But what'd prevent the completion reinitializing the request and then
the actual completion path coming in and completing the request again?

> For example:
> a reset could be triggered through sysfs on nvme-rdma
> Then the driver will cancel all the reqs, including in-flight ones.
> nvme_rdma_reset_ctrl_work()
>     nvme_rdma_shutdown_ctrl()
>     >>>>
>         if (ctrl->ctrl.queue_count > 1) {
>             nvme_stop_queues(&ctrl->ctrl); //quiesce the queue
>             blk_mq_tagset_busy_iter(&ctrl->tag_set,
>                         nvme_cancel_request, &ctrl->ctrl); //invoke blk_mq_complete_request()
>             nvme_rdma_destroy_io_queues(ctrl, shutdown);
>         }
>     >>>>
> 
> These operations could race with the normal completion path of in-flight ones.
> It should drain all the in-flight ones first here.
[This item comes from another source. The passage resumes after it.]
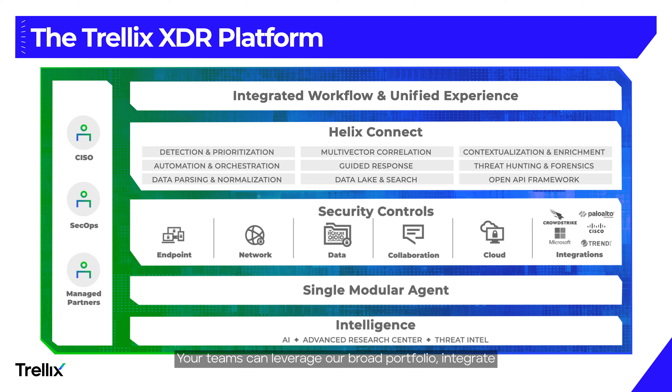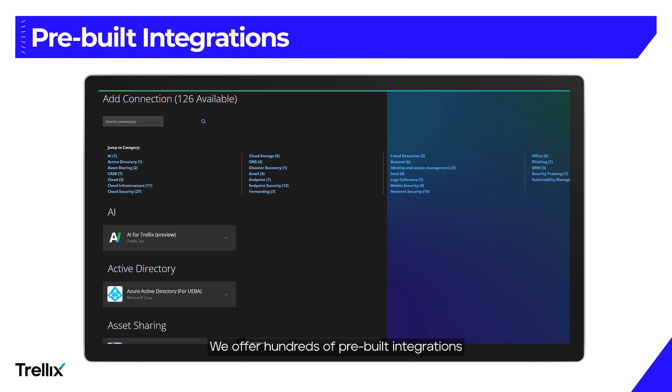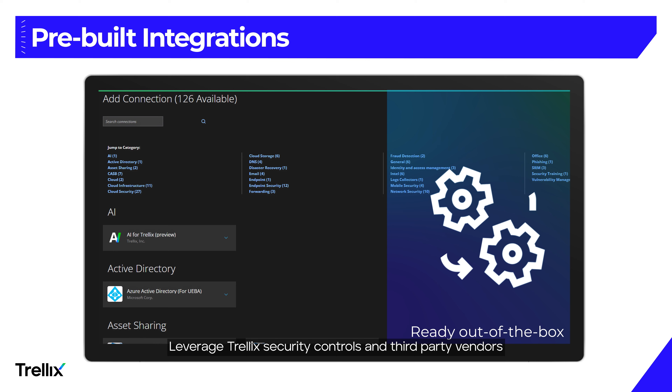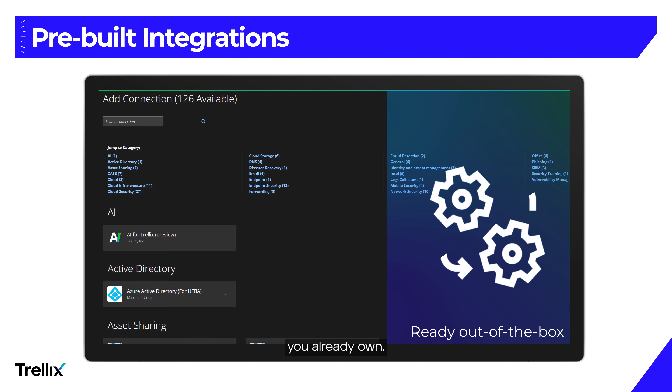Your teams can leverage our broad portfolio, integrate Trellix XDR with your current security tools, and surface multi-vector, multi-vendor detections powered by Trellix Helix Connect using global intelligence data to inform you of the latest threats. We offer hundreds of pre-built integrations that are ready out of the box to ingest your data. Leverage Trellix security controls and third-party vendors to help reduce your footprint or unlock more of the data you already own.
But there maybe some other
> places similar with this.

If there are any such places, they should be using an interface which
is propelry synchronized like blk_abort_request(), which btw is what
libata already does.  Otherwise, it's racy with or without these
patches.

Thanks.
jianchao.wang Jan. 9, 2018, 3:08 a.m. UTC | #5
Hi tejun

Many thanks for you kindly response.

On 01/09/2018 01:27 AM, Tejun Heo wrote:
> Hello, Jianchao.
> 
> On Fri, Dec 22, 2017 at 12:02:20PM +0800, jianchao.wang wrote:
>>> On Thu, Dec 21, 2017 at 11:56:49AM +0800, jianchao.wang wrote:
>>>> It's worrying that even though the blk_mark_rq_complete() here is
>>>> intended to synchronize with timeout path, but it indeed give the
>>>> blk_mq_complete_request() the capability to exclude with
>>
>> There could be scenario where the driver itself stop a request
>> itself with blk_mq_complete_request() or some other interface that
>> will invoke it, races with the normal completion path where a same
>> request comes.
> 
> But what'd prevent the completion reinitializing the request and then
> the actual completion path coming in and completing the request again?
> 
blk_mark_rq_complete() will gate and ensure there will be only one 
__blk_mq_complete_request() to be invoked.

>> For example:
>> a reset could be triggered through sysfs on nvme-rdma
>> Then the driver will cancel all the reqs, including in-flight ones.
>> nvme_rdma_reset_ctrl_work()
>>     nvme_rdma_shutdown_ctrl()
>>     >>>>
>>         if (ctrl->ctrl.queue_count > 1) {
>>             nvme_stop_queues(&ctrl->ctrl); //quiesce the queue
>>             blk_mq_tagset_busy_iter(&ctrl->tag_set,
>>                         nvme_cancel_request, &ctrl->ctrl); //invoke blk_mq_complete_request()
>>             nvme_rdma_destroy_io_queues(ctrl, shutdown);
>>         }
>>     >>>>
>>
>> These operations could race with the normal completion path of in-flight ones.
>> It should drain all the in-flight ones first here. But there maybe some other
>> places similar with this.
> 
> If there are any such places, they should be using an interface which
> is propelry synchronized like blk_abort_request(), which btw is what
> libata already does.  Otherwise, it's racy with or without these
> patches.
Yes, it is that.

Thanks for you kindly response again.
Jianchao

--
To unsubscribe from this list: send the line "unsubscribe linux-btrfs" in
the body of a message to majordomo@vger.kernel.org
More majordomo info at  http://vger.kernel.org/majordomo-info.html
Tejun Heo Jan. 9, 2018, 3:37 a.m. UTC | #6
Hello,

On Tue, Jan 09, 2018 at 11:08:04AM +0800, jianchao.wang wrote:
> > But what'd prevent the completion reinitializing the request and then
> > the actual completion path coming in and completing the request again?
>
> blk_mark_rq_complete() will gate and ensure there will be only one 
> __blk_mq_complete_request() to be invoked.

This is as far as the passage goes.